◆ Task instructions:
Once the line with "Rogelli CORE CALUSO" has been located in the records below, set down that line and all subsequent lines exactly, omitting the pictures.

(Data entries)
┄┄┄┄┄┄┄┄┄┄
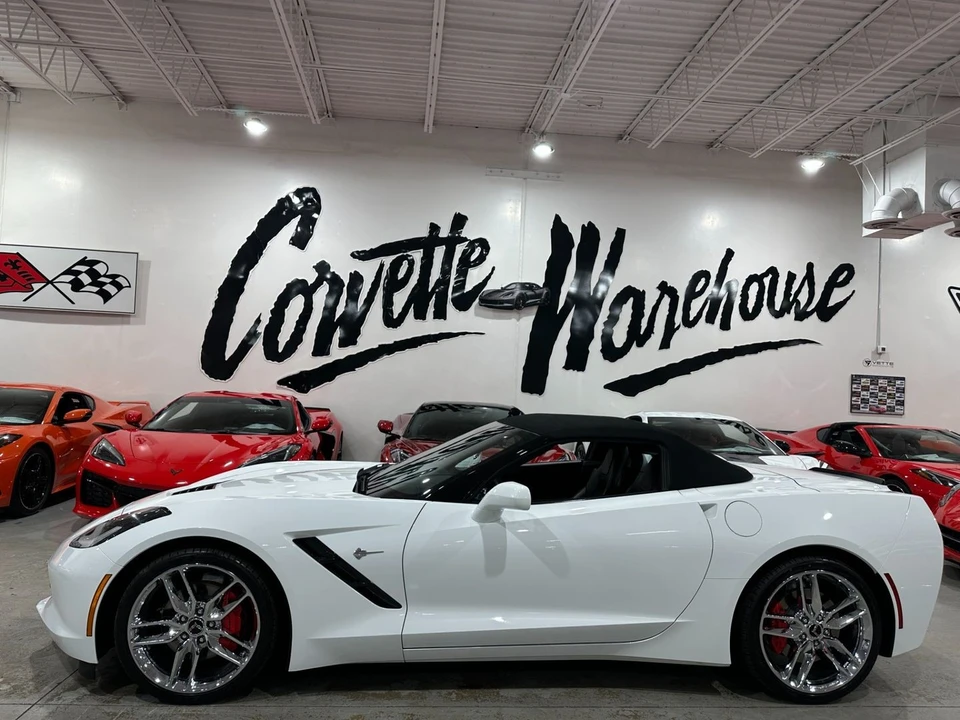 2014 Chevrolet Corvette C7 - Image 2 of 11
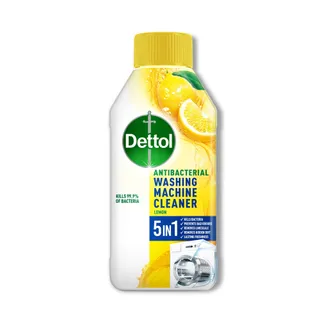 Dettol Lemon Breeze Washing Machine Cleaner, 250ml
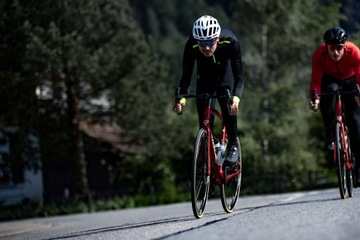 Rogelli CORE CALUSO 3 - мужская велосипедная толстовка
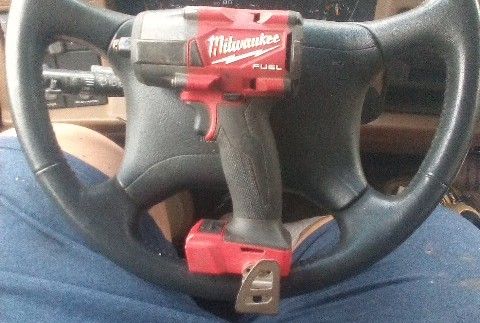 Milwaukee Tools.... Tools Only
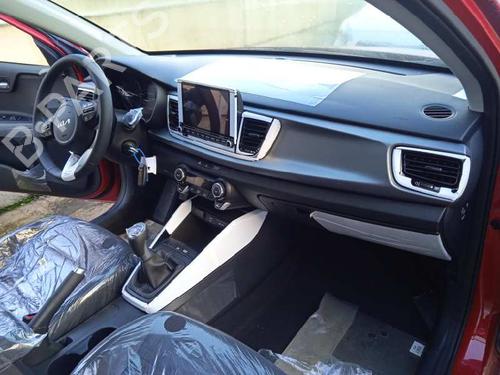 Left front driveshaft KIA RIO IV (YB, SC, FB)  | BP16311902M38 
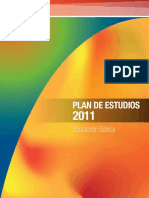 Plan de Estudios 2011 f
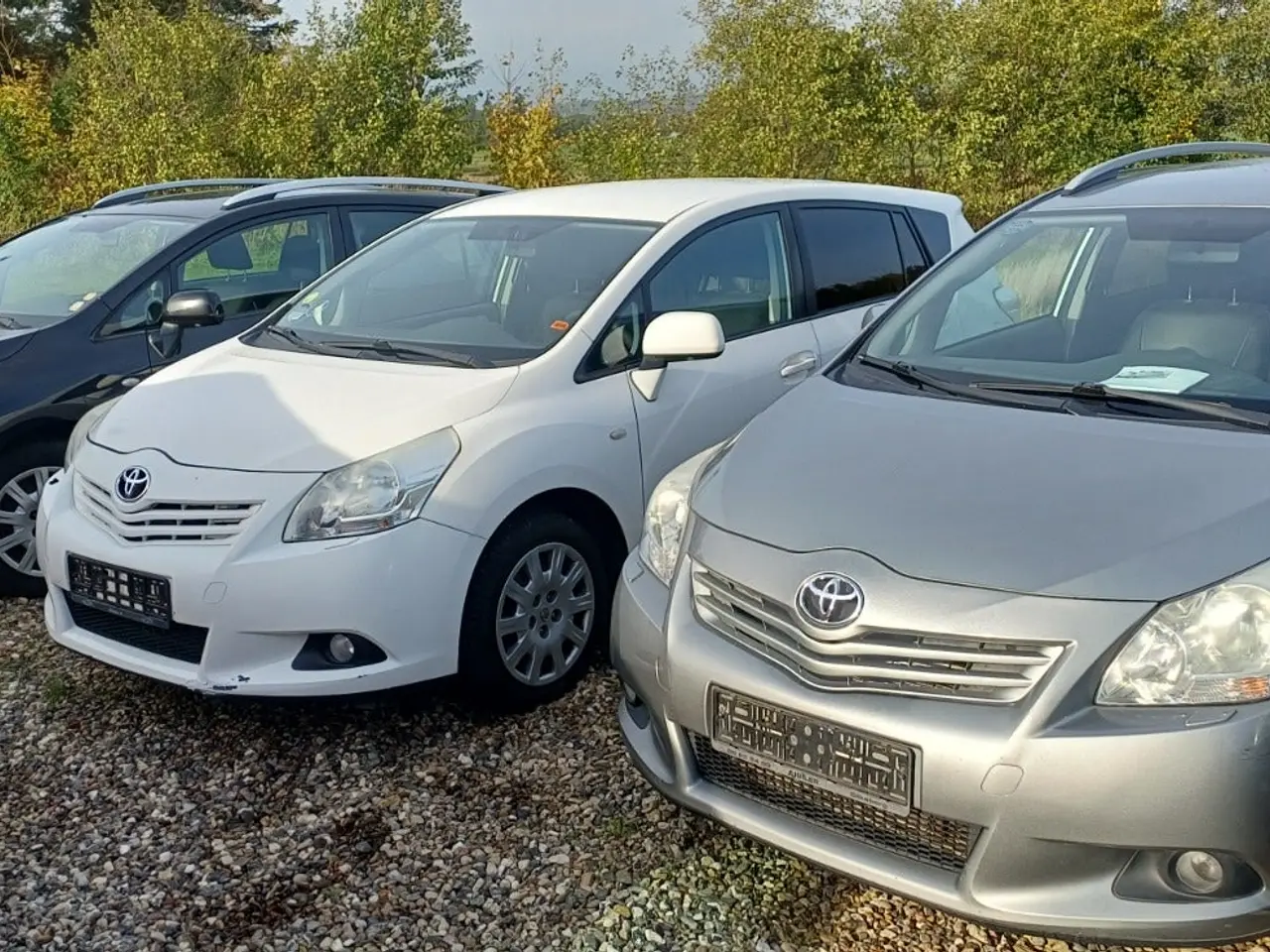 Billede 9 - Toyota Sportsvan 2,0 D-4D T2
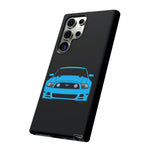2013/14 Grabber Blue Case (Front)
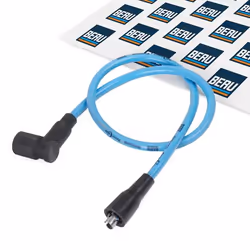 Cavi Candele; BERU; POWER CABLE; 60; per VOLKSWAGEN, FIAT, FORD, AUDI, VW; 0302103060, R18060, 7633960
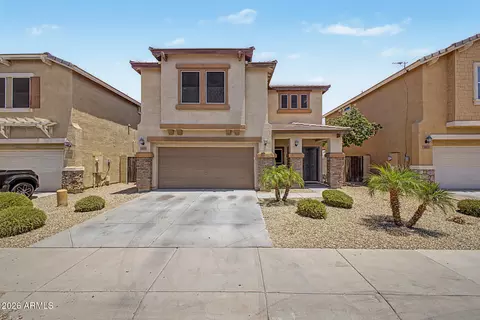 Exterior - 5821 S 35th Pl, Phoenix, AZ 85040 photo 7 of 8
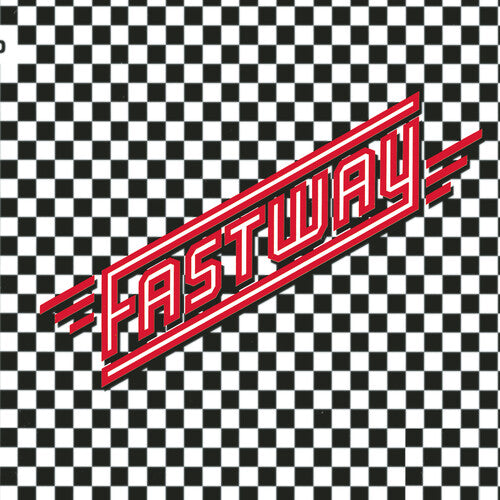 Fastway: Fastway - CD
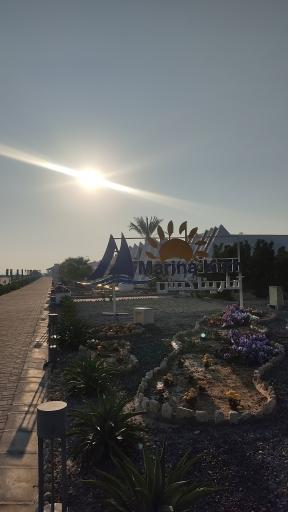 عکس ساحل مارینا کیش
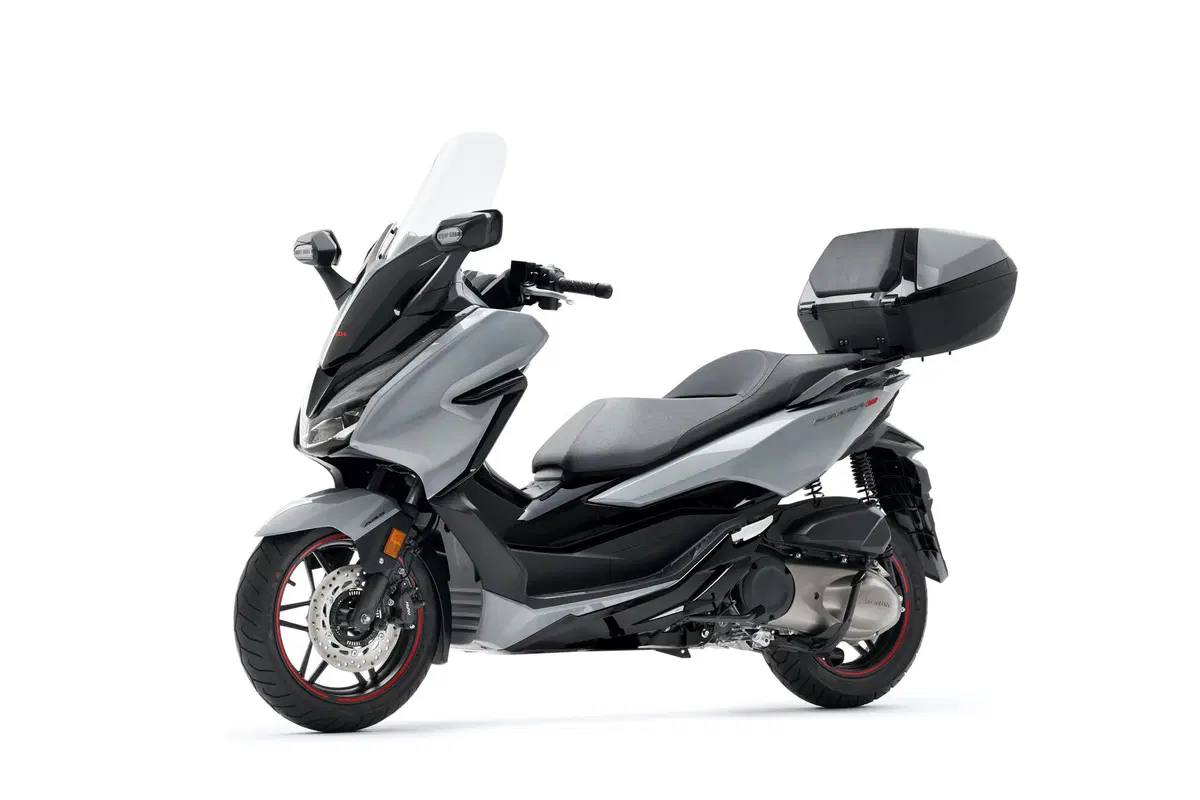 Nuovo Honda Forza 300 Limited Edition (4)
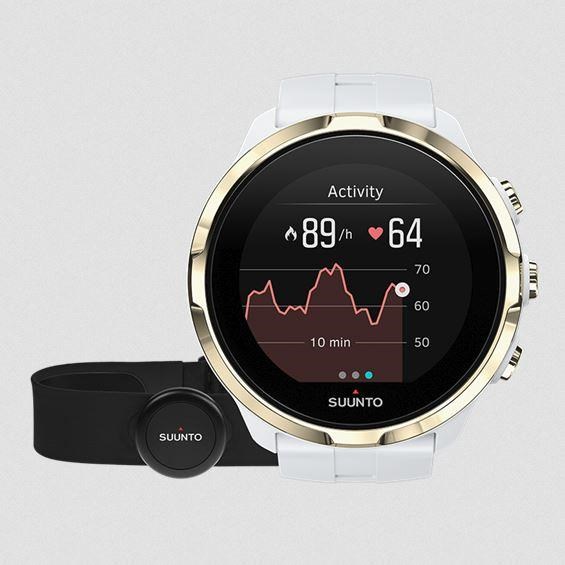 Suunto Spartan Sport Multisport GPS Watch With Wrist Heart Rate and Belt product image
┄┄┄┄┄┄┄┄┄┄
◆ Response:
 Rogelli CORE CALUSO 3 - мужская велосипедная толстовка
 Milwaukee Tools.... Tools Only
 Left front driveshaft KIA RIO IV (YB, SC, FB)  | BP16311902M38 
 Plan de Estudios 2011 f
 Billede 9 - Toyota Sportsvan 2,0 D-4D T2
2013/14 Grabber Blue Case (Front)
 Cavi Candele; BERU; POWER CABLE; 60; per VOLKSWAGEN, FIAT, FORD, AUDI, VW; 0302103060, R18060, 7633960
 Exterior - 5821 S 35th Pl, Phoenix, AZ 85040 photo 7 of 8
 Fastway: Fastway - CD
 عکس ساحل مارینا کیش
 Nuovo Honda Forza 300 Limited Edition (4)
 Suunto Spartan Sport Multisport GPS Watch With Wrist Heart Rate and Belt product image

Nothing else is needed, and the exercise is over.